Architecture & Real Estate | September 5, 2021 3:44 pm

Could the Country’s Next Great City Be Fully Sustainable?

The ambitious plan behind Telosa

Telosa
Bjark Ingels Group's design for the city of Telosa.
Telosa

Is it possible to build a city where previously there was only uninhabited land? It’s one thing to watch an existing town or city turn into a substantial urban center — the history of Las Vegas comes to mind in that respect. But for every case like Brasilia, there are other urban spaces that never got off the ground, such as a city once slated to be built in New Jersey’s Pine Barrens.

Don’t tell that to Marc Lore, the founder of Jet.com and the co-founder of Quidsi. His new project involves the creation of a sustainable city somewhere in the United States — and he’s brought an impressive architecture firm on board for the planning stages. At Robb Report, Bryan Hood has more details on the planned city, to be called Telosa.

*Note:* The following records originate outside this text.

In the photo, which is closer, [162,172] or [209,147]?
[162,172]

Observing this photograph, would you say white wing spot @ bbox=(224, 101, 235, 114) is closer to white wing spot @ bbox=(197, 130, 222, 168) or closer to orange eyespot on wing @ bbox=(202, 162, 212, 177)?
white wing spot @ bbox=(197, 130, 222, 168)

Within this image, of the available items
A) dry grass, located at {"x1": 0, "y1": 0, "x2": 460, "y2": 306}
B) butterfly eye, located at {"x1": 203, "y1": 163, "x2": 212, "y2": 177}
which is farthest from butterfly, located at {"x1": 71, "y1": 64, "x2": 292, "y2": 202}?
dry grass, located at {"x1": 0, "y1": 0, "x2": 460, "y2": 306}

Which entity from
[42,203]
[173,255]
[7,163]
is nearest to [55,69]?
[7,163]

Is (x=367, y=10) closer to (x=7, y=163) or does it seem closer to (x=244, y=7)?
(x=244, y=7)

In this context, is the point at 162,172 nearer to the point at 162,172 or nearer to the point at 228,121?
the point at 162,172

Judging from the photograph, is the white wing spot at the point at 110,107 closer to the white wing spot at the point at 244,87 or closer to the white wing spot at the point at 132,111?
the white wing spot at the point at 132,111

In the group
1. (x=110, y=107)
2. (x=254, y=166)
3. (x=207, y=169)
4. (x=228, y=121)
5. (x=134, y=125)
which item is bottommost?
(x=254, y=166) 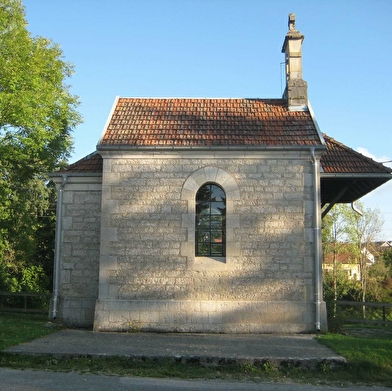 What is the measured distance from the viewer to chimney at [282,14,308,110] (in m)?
14.2

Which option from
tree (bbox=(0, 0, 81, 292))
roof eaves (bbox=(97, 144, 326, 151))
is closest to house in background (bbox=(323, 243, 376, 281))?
tree (bbox=(0, 0, 81, 292))

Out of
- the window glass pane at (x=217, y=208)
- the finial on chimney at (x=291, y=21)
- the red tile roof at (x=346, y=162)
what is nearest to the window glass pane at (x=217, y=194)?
the window glass pane at (x=217, y=208)

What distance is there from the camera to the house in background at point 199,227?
12.0m

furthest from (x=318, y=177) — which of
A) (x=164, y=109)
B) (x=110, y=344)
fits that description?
(x=110, y=344)

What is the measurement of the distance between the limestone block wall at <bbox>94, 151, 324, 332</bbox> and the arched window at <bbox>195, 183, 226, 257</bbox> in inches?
9.7

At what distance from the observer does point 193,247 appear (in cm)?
1223

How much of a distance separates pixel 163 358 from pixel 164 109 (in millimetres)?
8146

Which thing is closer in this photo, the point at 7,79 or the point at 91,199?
the point at 91,199

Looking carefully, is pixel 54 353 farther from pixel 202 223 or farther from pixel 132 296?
pixel 202 223

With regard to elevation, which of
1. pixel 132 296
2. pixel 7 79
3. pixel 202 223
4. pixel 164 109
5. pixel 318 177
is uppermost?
pixel 7 79

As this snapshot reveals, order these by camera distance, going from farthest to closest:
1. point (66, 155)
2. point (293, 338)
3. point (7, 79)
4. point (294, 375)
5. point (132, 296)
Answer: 1. point (66, 155)
2. point (7, 79)
3. point (132, 296)
4. point (293, 338)
5. point (294, 375)

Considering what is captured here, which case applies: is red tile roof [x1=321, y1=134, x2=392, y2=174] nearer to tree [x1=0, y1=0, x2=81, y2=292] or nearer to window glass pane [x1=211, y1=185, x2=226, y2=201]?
window glass pane [x1=211, y1=185, x2=226, y2=201]

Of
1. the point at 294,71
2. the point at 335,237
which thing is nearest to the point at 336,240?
the point at 335,237

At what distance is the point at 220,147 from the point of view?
12.4 meters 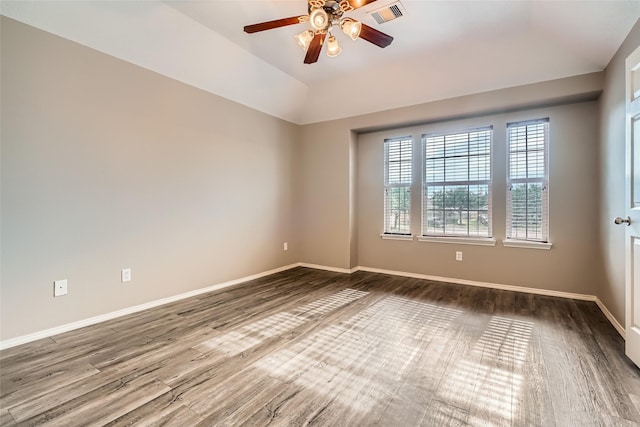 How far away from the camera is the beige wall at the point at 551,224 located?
3.32 m

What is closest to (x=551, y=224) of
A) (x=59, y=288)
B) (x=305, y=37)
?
(x=305, y=37)

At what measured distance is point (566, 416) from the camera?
150 centimetres

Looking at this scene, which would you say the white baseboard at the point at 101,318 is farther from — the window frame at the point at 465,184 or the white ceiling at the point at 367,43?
the window frame at the point at 465,184

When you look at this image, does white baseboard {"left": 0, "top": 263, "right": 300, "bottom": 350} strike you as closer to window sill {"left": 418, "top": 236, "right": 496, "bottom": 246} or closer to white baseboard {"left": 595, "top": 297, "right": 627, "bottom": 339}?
window sill {"left": 418, "top": 236, "right": 496, "bottom": 246}

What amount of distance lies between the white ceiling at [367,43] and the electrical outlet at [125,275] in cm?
210

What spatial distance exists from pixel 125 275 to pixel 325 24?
2970mm

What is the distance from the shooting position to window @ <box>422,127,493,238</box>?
12.9ft

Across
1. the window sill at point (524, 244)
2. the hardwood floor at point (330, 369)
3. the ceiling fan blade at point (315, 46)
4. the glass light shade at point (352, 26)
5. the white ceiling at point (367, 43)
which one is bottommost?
the hardwood floor at point (330, 369)

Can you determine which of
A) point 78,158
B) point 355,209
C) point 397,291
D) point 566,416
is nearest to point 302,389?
point 566,416

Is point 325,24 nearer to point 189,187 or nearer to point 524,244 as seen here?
point 189,187

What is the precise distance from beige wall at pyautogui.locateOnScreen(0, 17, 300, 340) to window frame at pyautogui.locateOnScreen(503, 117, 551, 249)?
358cm

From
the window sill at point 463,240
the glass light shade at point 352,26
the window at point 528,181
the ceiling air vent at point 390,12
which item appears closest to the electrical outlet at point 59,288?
the glass light shade at point 352,26

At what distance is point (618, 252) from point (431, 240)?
1.96 m

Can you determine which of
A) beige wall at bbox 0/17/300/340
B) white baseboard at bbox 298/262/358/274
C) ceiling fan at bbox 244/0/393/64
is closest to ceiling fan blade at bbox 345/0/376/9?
ceiling fan at bbox 244/0/393/64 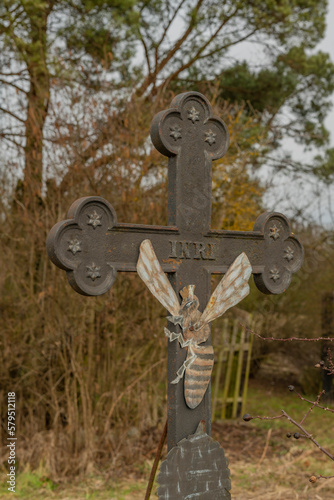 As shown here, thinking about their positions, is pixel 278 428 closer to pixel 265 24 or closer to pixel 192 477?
pixel 192 477

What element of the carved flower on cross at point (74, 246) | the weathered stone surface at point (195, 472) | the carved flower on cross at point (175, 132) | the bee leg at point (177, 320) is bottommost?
the weathered stone surface at point (195, 472)

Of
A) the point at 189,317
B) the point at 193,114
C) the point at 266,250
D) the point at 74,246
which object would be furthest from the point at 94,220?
the point at 266,250

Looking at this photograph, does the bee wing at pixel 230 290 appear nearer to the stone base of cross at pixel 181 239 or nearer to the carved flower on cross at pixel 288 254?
the stone base of cross at pixel 181 239

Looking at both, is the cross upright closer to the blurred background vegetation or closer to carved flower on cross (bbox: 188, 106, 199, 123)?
carved flower on cross (bbox: 188, 106, 199, 123)

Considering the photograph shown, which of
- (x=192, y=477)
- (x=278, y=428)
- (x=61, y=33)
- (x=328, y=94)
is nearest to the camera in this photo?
(x=192, y=477)

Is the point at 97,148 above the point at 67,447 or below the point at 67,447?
above

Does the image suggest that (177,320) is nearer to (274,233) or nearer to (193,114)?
(274,233)

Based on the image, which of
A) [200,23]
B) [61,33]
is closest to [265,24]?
[200,23]

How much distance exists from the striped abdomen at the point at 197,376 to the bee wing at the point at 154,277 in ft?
0.67

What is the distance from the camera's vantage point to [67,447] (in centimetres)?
516

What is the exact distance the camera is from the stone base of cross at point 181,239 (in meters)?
2.23

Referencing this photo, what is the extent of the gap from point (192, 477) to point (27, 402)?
371 centimetres

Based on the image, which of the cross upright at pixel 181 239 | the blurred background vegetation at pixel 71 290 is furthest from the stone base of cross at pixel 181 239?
the blurred background vegetation at pixel 71 290

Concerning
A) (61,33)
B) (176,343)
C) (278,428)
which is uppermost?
(61,33) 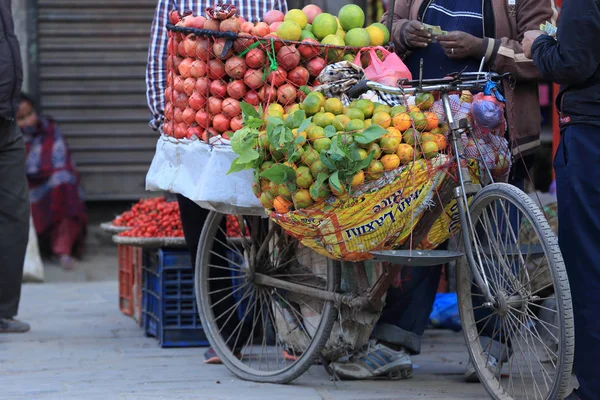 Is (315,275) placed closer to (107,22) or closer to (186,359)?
(186,359)

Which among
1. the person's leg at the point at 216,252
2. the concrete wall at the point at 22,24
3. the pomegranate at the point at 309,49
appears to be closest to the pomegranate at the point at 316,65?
the pomegranate at the point at 309,49

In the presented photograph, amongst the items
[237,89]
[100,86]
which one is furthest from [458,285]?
[100,86]

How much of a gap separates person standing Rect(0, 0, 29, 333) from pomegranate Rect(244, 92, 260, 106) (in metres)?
1.86

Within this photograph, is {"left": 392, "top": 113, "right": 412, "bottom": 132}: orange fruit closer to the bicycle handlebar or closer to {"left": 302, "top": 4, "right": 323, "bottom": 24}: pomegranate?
the bicycle handlebar

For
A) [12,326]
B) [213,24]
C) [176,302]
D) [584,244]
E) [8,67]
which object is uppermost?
[213,24]

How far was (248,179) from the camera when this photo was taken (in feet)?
13.6

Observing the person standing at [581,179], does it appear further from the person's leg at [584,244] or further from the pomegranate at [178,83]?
the pomegranate at [178,83]

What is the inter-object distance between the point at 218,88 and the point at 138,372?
145 centimetres

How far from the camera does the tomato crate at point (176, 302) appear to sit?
520cm

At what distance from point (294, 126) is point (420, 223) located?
25.2 inches

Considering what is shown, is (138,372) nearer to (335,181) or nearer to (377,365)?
(377,365)

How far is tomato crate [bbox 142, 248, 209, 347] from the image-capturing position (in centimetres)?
520

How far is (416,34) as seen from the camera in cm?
423

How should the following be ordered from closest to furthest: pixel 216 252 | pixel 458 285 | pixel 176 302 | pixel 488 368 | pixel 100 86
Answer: pixel 488 368, pixel 458 285, pixel 216 252, pixel 176 302, pixel 100 86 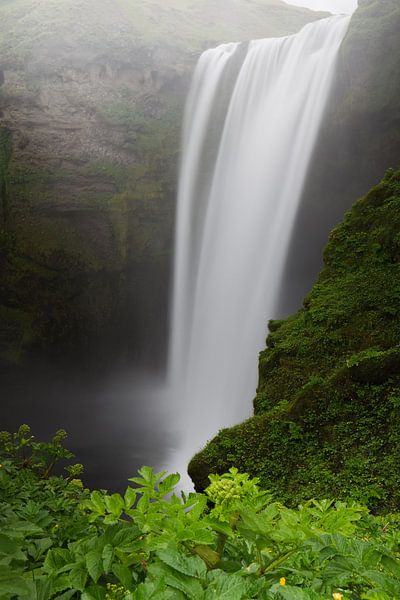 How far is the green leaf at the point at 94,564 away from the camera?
38.1 inches

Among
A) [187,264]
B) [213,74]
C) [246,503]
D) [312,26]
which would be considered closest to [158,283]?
[187,264]

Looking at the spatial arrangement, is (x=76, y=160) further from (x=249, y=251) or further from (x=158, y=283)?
(x=249, y=251)

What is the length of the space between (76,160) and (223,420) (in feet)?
36.0

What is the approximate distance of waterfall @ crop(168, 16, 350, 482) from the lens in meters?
13.4

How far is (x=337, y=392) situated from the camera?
5301 mm

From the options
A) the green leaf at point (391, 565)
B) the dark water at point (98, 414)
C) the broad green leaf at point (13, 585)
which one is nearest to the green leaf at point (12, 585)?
the broad green leaf at point (13, 585)

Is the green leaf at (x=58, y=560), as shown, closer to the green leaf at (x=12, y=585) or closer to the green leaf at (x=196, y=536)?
the green leaf at (x=12, y=585)

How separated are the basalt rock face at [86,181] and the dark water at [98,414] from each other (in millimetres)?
1015

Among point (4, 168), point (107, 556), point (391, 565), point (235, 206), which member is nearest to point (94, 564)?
point (107, 556)

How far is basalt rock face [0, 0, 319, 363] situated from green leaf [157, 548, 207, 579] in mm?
16654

Architect Bjarke Ingels and his firm, Bjarke Ingels Group, are working on designs for Telosa. Ingels has worked on a host of interesting projects over the years, including a development in New York City to mitigate flood development, Google’s headquarters and the Danish National Maritime Museum.

The City of Telosa’s website lists some of the goals for the project — including a population of between one and five million people and a level of density comparable to San Francisco. As for the specific location, the website mentions that they are currently looking into spaces in Nevada, Utah, Idaho, Arizona, Texas and the Appalachian Region. If all goes according to plan, the city’s first 50,000 residents could be living there in 2030.

The economics of how this all works is a system called Equitism, which the city’s website describes as “inclusive growth.” More specifically, this involves having the city’s land owned by a community trust, which could then be reinvested in comprehensive social services. Or, as Telosa’s website puts it, “since the community is the primary growth driver of land values, it seems fair that the community should benefit from the increase in land prices.”

It’s a fascinating model, and one which could change a lot of aspects of modern urban living for the better. And with 2030 not that far off, we’ll have a sense of how well this plan might work before long.